Impact of d-orbital occupation on metal-carbon bond functionalization.

Abstract

Metal-carbon bond functionalization leading to C-O bond formation is a promising component reaction that can ultimately form the basis for production of methanol from natural gas. Two primary pathways have been considered: (1) an organometallic Baeyer-Villiger (OMBV) pathway, and (2) a two-step, redox oxy-insertion. A series of first-row transition metal-methyl complexes was modeled for these two pathways to elucidate any trend therein. Several important conclusions can be derived from this research.
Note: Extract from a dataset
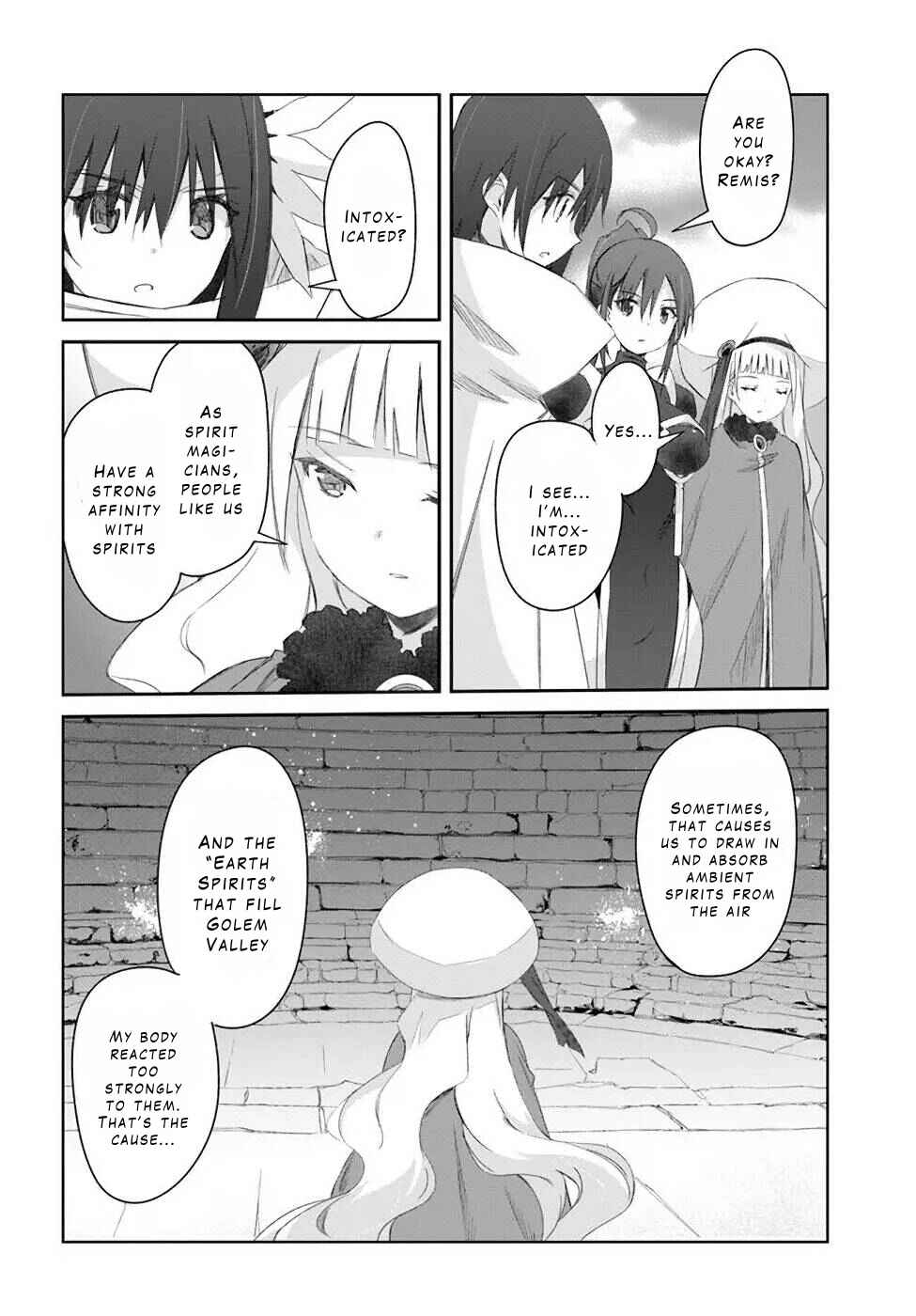 Page 4 Chapter 30 Darenidemo Dekiru Kage Kara Tasukeru Mao Tobatsu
First, the OMBV mechanism for oxy-insertion is only preferred over the redox pathway in those cases when the metal-methyl's d(n) electron count is such that the latter mechanism would render a chemically infeasible formal oxidation state for an oxo-methyl intermediate. Second, moving toward the so-called oxo wall effectively ameliorates one thermodynamic "sink" (i.e., oxo-Me intermediate) in the redox pathway. However, both oxy-insertion mechanisms suffer from the same feature that would thwart catalysis; i.e., the [M(II)]-methoxide product is in a thermodynamic sink relative to the [M(II)]-methyl reactant. Third, future experiments in hydrocarbon partial oxidation catalysis should focus on effecting oxy-insertion with the weakest oxidants and in establishing the linkage between thermodynamic and kinetic oxygen-atom transfer potentials of oxidants.